After about fifteen minutes of a thrilling and bumpy ride we slowed almost to a stop and our guide,Alejandra, told us to look to our 11:00. There we saw a huge fin raise up out of the water and smack it down. This was a huge humpback whale who was floating on top of the water and repeatedly smacking that huge fin down! His fin was 15 to 20 feet long. Alejandra said this was a male who was putting on a display to impress the nearby female whale.
After about ten minutes he stopped and I thought the show was over. But no! Now the whale leapt into the air with about about half of his body out of the water and then crashed down. What an incredible sight! He did this several times creating huge splashes as he slammed back into the water. Then he raised his huge tail out of the water to sweep it around making yet another huge splash. I’m not sure how well he impressed his potential mate but he certainly impressed me and everyone else on our little boat!

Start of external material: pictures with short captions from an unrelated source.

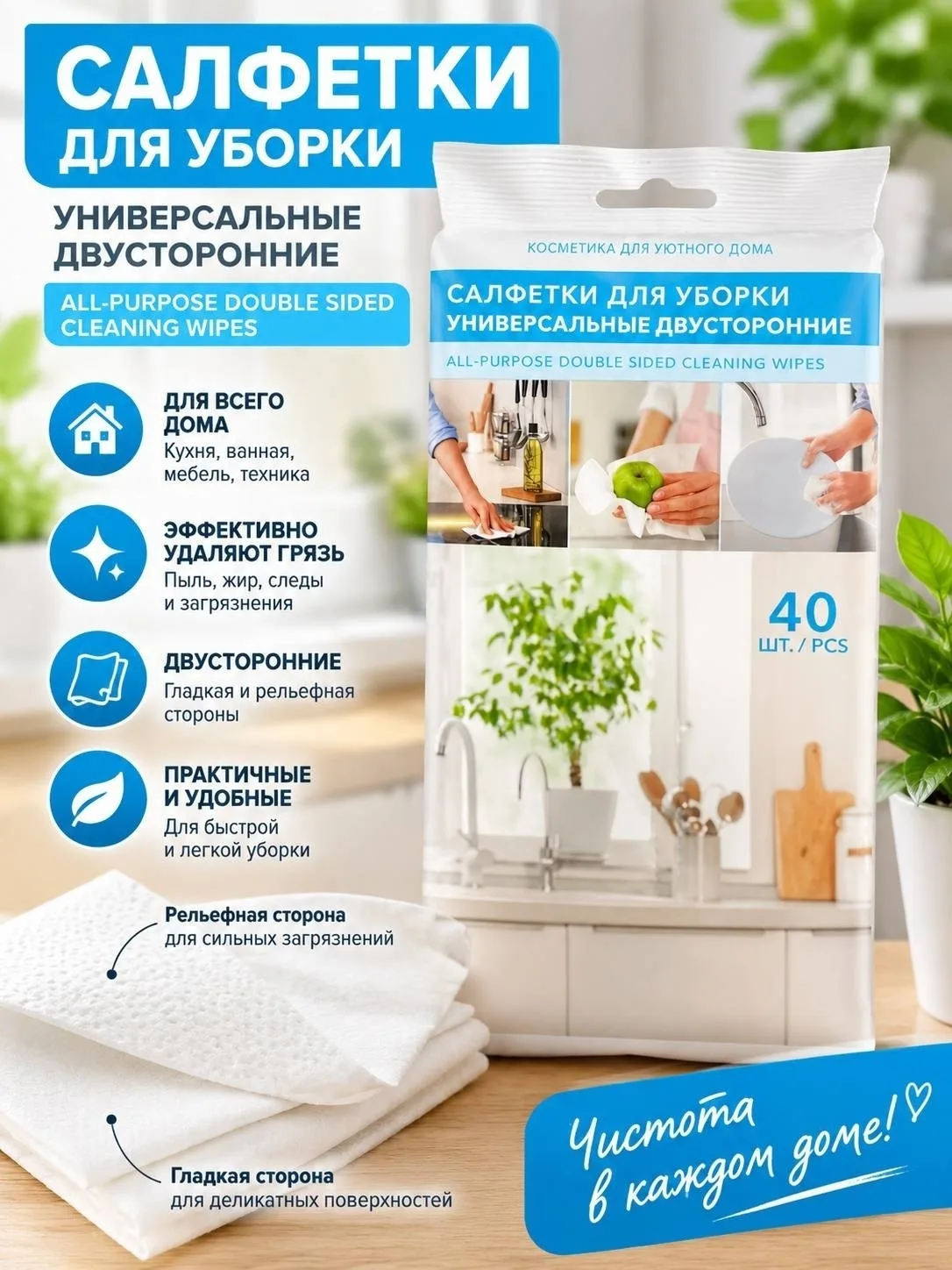 ✨ Универсальные двусторонние салфетки для уборки — 40 шт. ✨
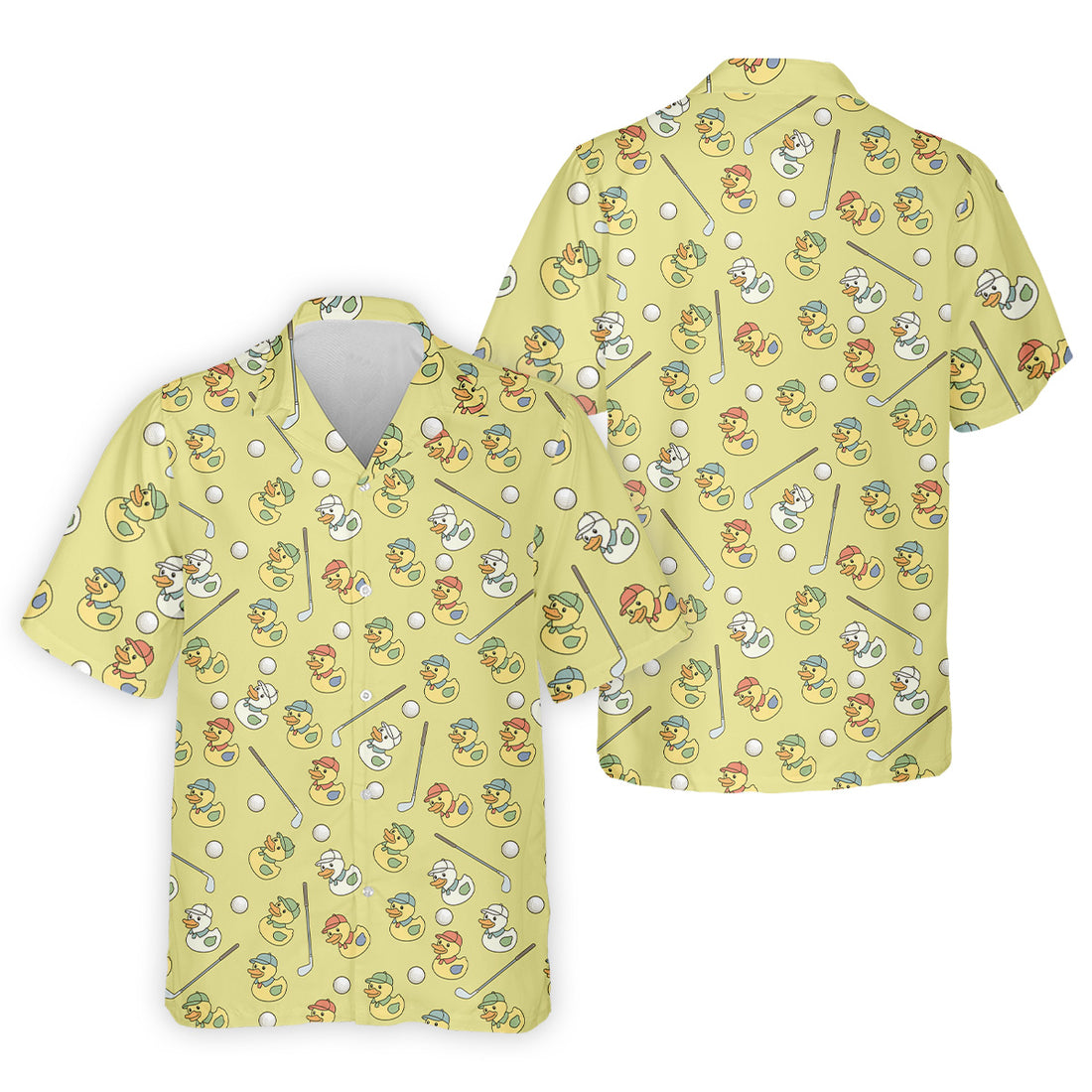 Duck T-shirt Mens Funny Golf Shirts, Golf Tops For Men, Hawaiian Golf Shirts, Golfing Apparel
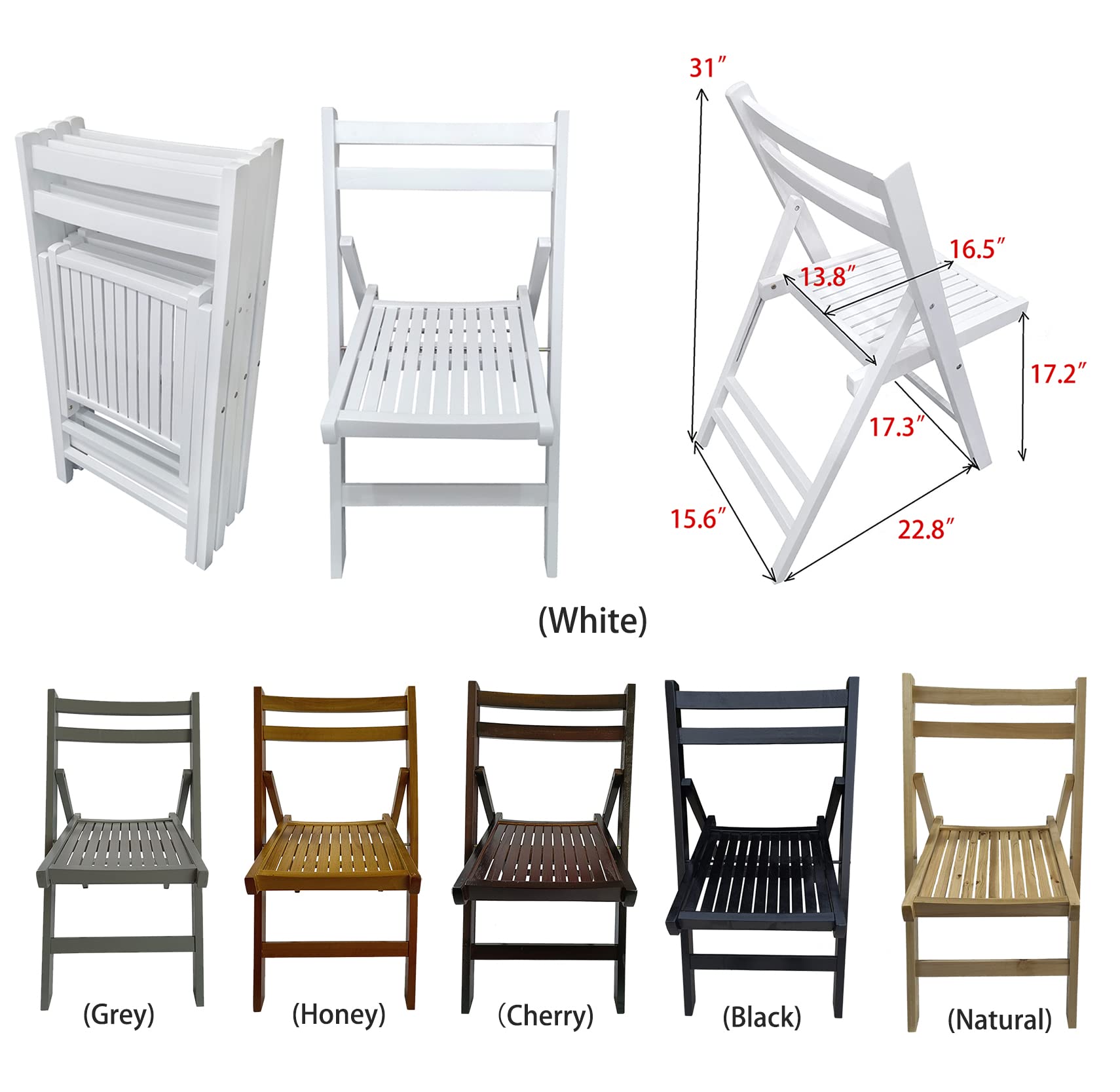 4 Pack Folding Chairs with Poplar Wood Slatted Seat - Lightweight & Sturdy for Dining Room, Kitchen, Balcony, Wedding, Events (Black) | Perfect for Indoor & Outdoor Gatherings, Parties, and Home Decor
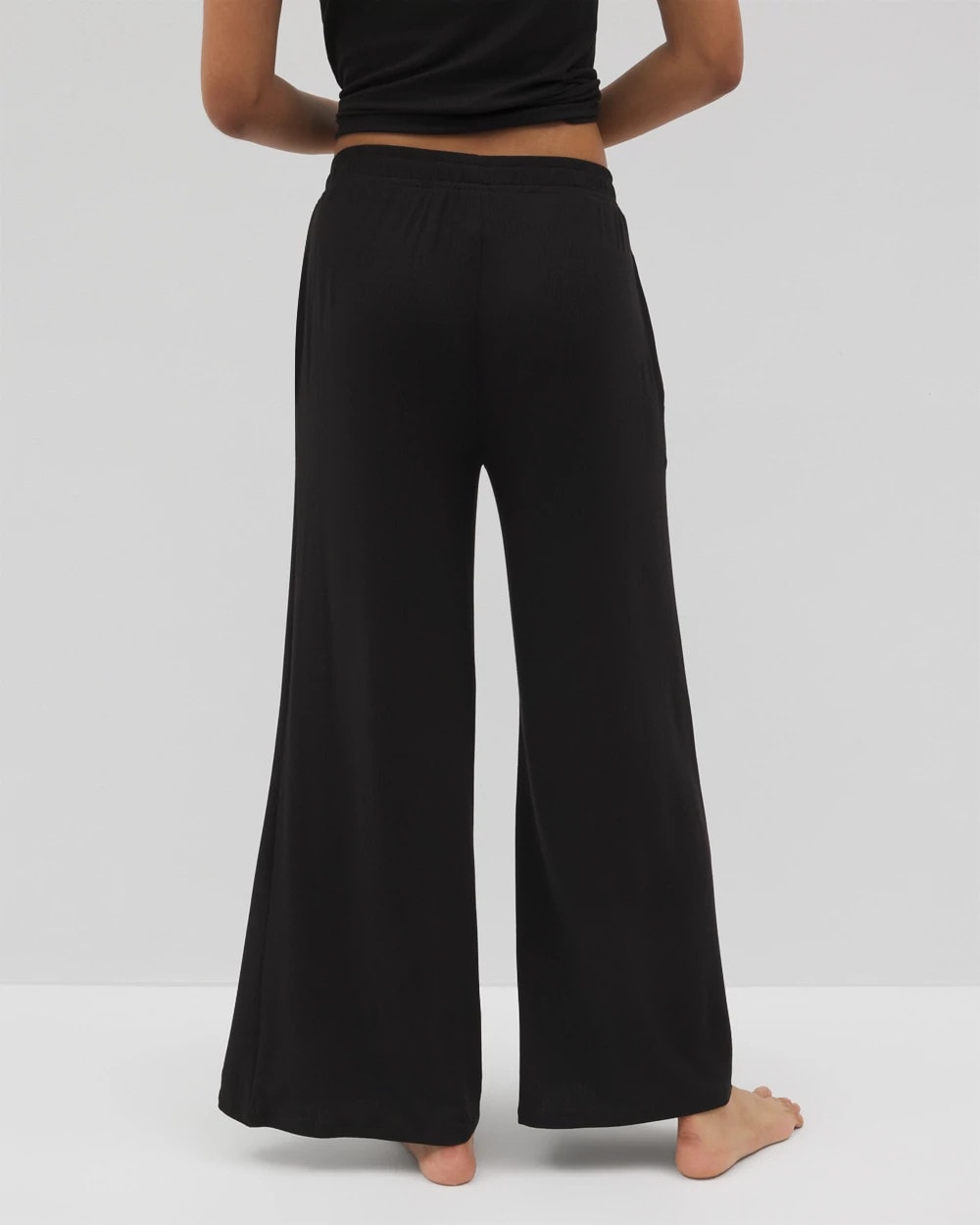 Lightweight Rib Knit Wide Leg Pajama Pants - BLACK | Soma outlet
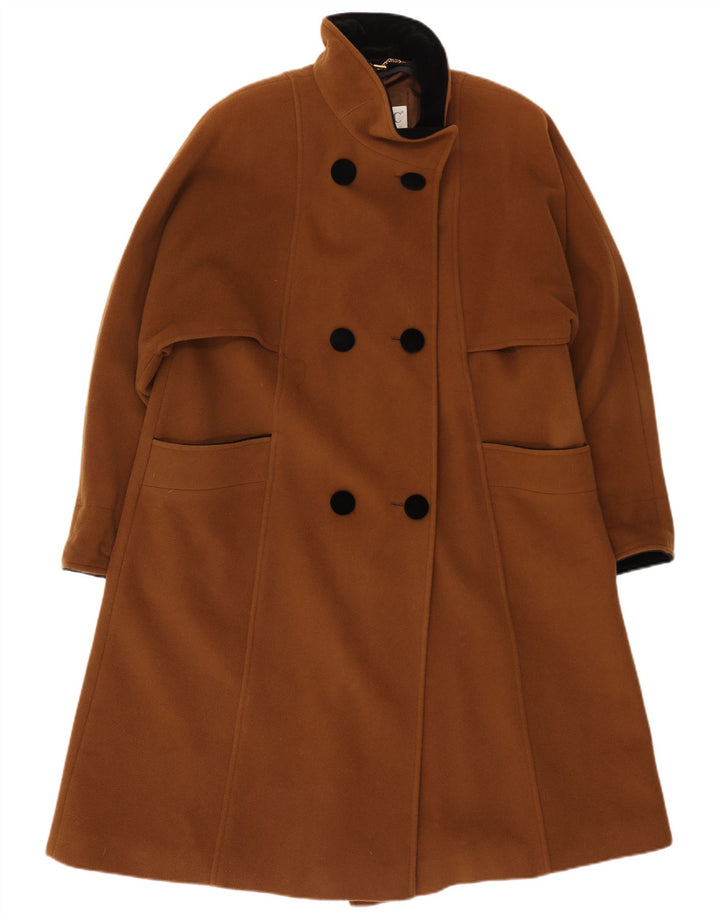 Женское двубортное пальто CLASSIC UK 18 XL, коричневый хлопок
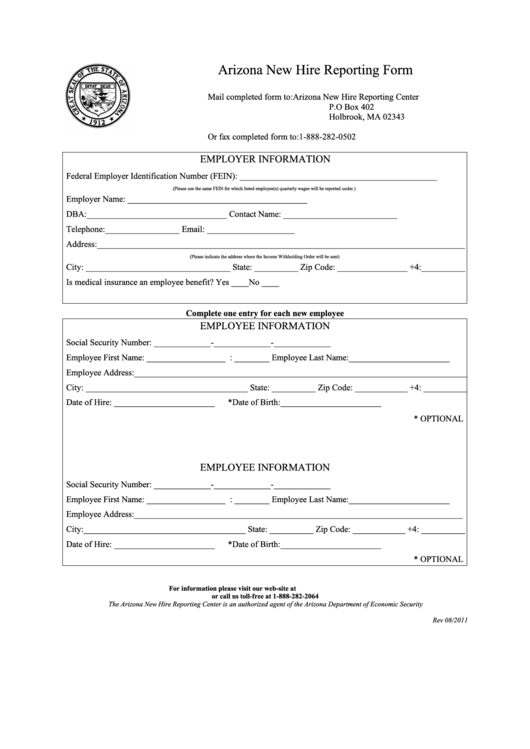 Arizona New Hire Reporting Form - Department Of Economic Security Printable pdf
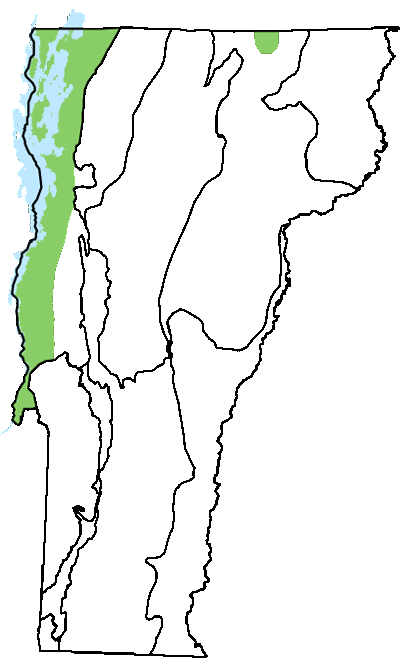 map of Vermont with locations of natural community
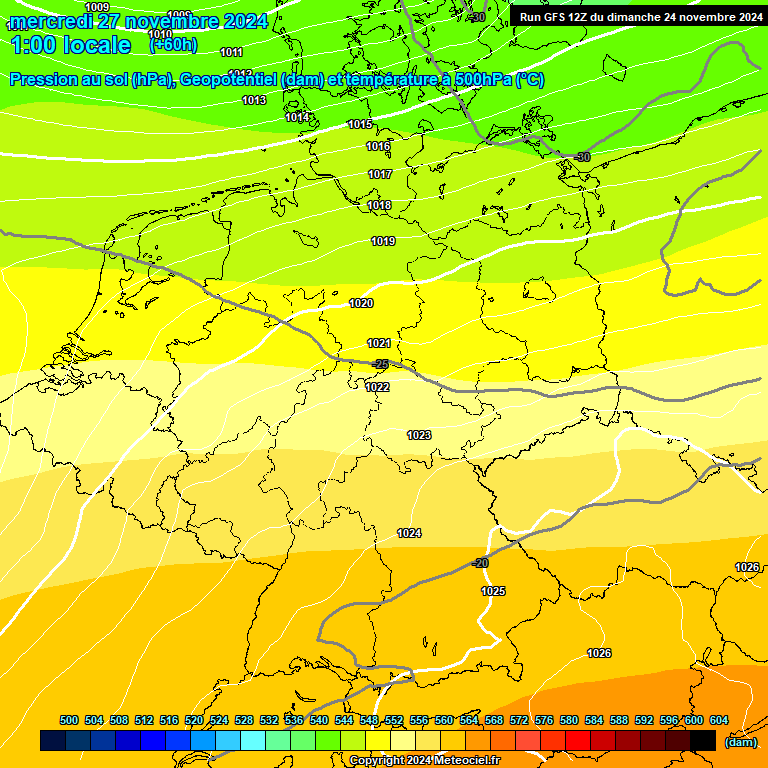 Modele GFS - Carte prvisions 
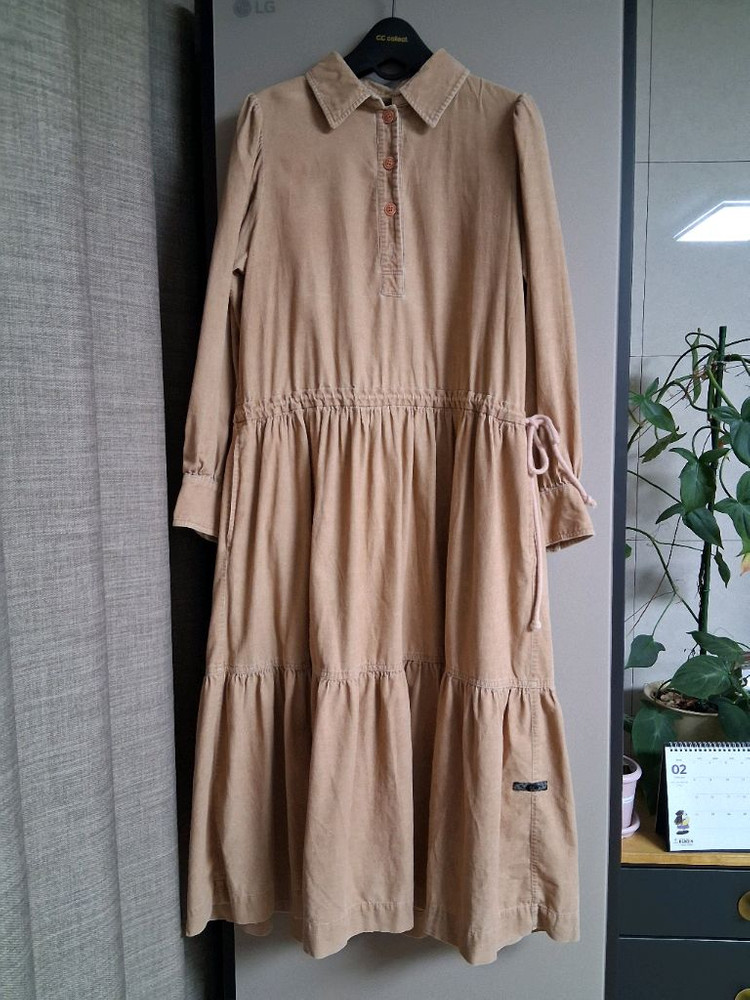 써스데이아일랜드 코듀로이 셔츠형 원피스--1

We got to watch this incredible behavior for about 20 minutes before we finally had to head back to port. Those 20 minutes were among the most break-taking of my life and the image of that huge whale rising out of the water will remain forever in my mind’s eye!
I have to give special thanks to our eagle-eyed crew: Alejandra and Luis. They spotted this whale from miles away and rushed us over to watch one of nature’s prime spectacles. Alejandra and Luis definitely made a wonderful difference in our trip and gave us memories of a lifetime!
Interested in Cabo Whale Watching?
Prime season for whale watching is December through March. We actually arrived on April 1st one year and all the whales were gone.
During prime season you can even see whales from shore. On this visit we saw two whales breech side by side from our taxi on the highway. On other visits we’ve seen whales as we were sitting outside having a beach-side meal.
There are lots of choices and prices for whale watching excursions. If you want a bigger boat try the Buccaneer Queen: Buccaneer Queen You’ll have a solid deck under your feet and you can still see some great whale action. There are also several companies offering excursions on catamarans, which are a nice mid-sized choice. We’ve also seen the little glass-bottomed boats out there chasing the whales. (Can’t recommend this option because we haven’t tried it.)